(Web page caption snippets)
◇ ◇ ◇ ◇
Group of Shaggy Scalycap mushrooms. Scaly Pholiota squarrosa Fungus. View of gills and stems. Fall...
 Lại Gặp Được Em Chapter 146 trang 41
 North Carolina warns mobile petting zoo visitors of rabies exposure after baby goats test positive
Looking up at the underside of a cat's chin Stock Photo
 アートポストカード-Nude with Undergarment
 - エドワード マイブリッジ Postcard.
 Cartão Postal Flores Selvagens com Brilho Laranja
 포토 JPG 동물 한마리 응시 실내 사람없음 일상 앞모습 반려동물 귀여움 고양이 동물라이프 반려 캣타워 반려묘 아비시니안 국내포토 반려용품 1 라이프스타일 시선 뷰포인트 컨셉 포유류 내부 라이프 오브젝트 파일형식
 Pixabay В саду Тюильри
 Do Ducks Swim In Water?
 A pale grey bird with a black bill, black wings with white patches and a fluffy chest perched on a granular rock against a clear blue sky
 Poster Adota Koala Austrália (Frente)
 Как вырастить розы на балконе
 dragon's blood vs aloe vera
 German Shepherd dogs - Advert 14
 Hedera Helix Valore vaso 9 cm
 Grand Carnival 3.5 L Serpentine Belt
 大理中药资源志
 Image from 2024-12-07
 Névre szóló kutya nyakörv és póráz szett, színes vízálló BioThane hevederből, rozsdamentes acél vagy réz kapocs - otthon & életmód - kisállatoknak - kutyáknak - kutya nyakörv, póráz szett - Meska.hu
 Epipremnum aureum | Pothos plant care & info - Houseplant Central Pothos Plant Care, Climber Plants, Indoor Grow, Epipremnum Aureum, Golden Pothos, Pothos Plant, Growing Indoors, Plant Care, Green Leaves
◇ ◇ ◇ ◇
• [Required work]: Copy out every line from the records that has the word "with".

• [Your solution]:
 アートポストカード-Nude with Undergarment
 A pale grey bird with a black bill, black wings with white patches and a fluffy chest perched on a granular rock against a clear blue sky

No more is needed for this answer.